Litigation Challenging NJ Aid-in-Dying Law Rightly Defeated
We agree with the courts and applaud how they handled this matter as expeditiously as they did, so as to permit terminally ill patients choosing to do so to seek the benefit of the act during the course of the litigation.
September 29, 2019 at 09:00 AM
4 minute read
Stethoscope
The New Jersey "Medical Aid in Dying for the Terminally Ill Act," N.J.S.A. 26:16-1 et seq., took effect on Aug. 1, 2019. New Jersey was the eighth state to adopt such a law designed to permit a patient over 18 with a life expectancy of six months or less to die "with dignity." A recent effort to block implementation of the law was properly and prompted denied.
Under the act, "a terminally ill patient may make a written request for medication that the patient may choose to self- administer" and end his life. The patient must be an adult resident of New Jersey, capable, determined by his attending and consulting physicians to be terminally ill, and voluntarily expressed a wish to receive such mediation.

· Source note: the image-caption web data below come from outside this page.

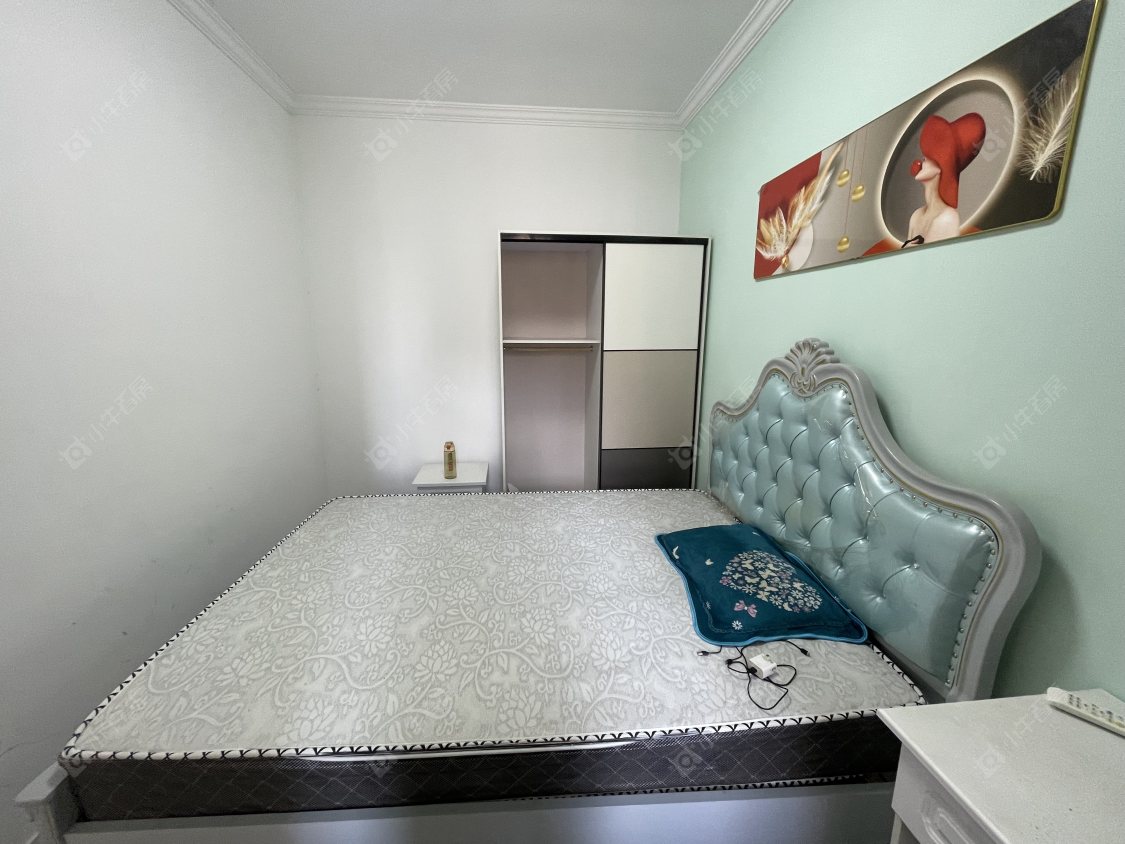 港龙紫荆城房源 常州港龙紫荆城在租房源_小牛看房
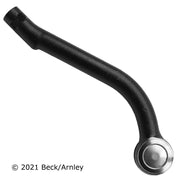 Beck/Arnley 101-5340 2011-2013 Kia Sorento Steering Tie Rod End
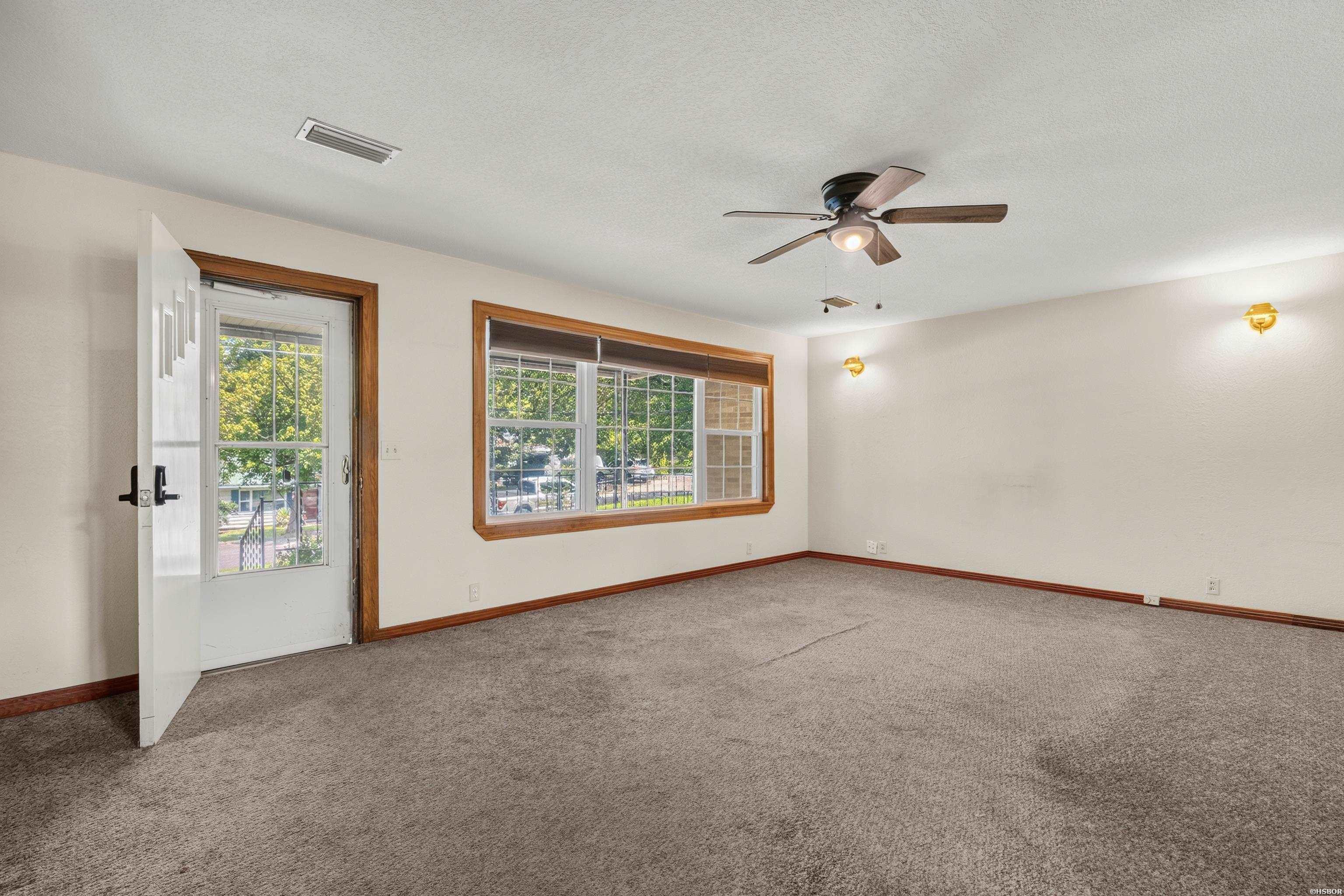 308 Freeman Street Property Photo 4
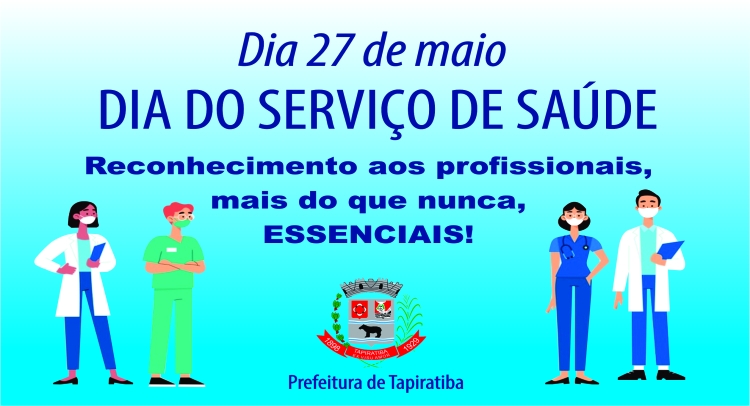 Capa da notícia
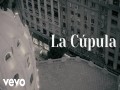 Lo Que Sangra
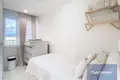 Appartement 83 m² Alicante, Espagne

The act details the procedure for implementation relating to witnesses and the obligations of the attending physician, including assuring that the patient is "a qualified terminally ill patient" who voluntarily made the determination and that the patient is fully advised of the alternatives and provided opportunities for consultations. The doctor must advise the patient to notify next of kin. The physician must refer a patient who may not be capable to make an informed decision to a mental health professional to determine the patient's capacity to make the request. The physician must advise the patient of his right to rescind the request at any time.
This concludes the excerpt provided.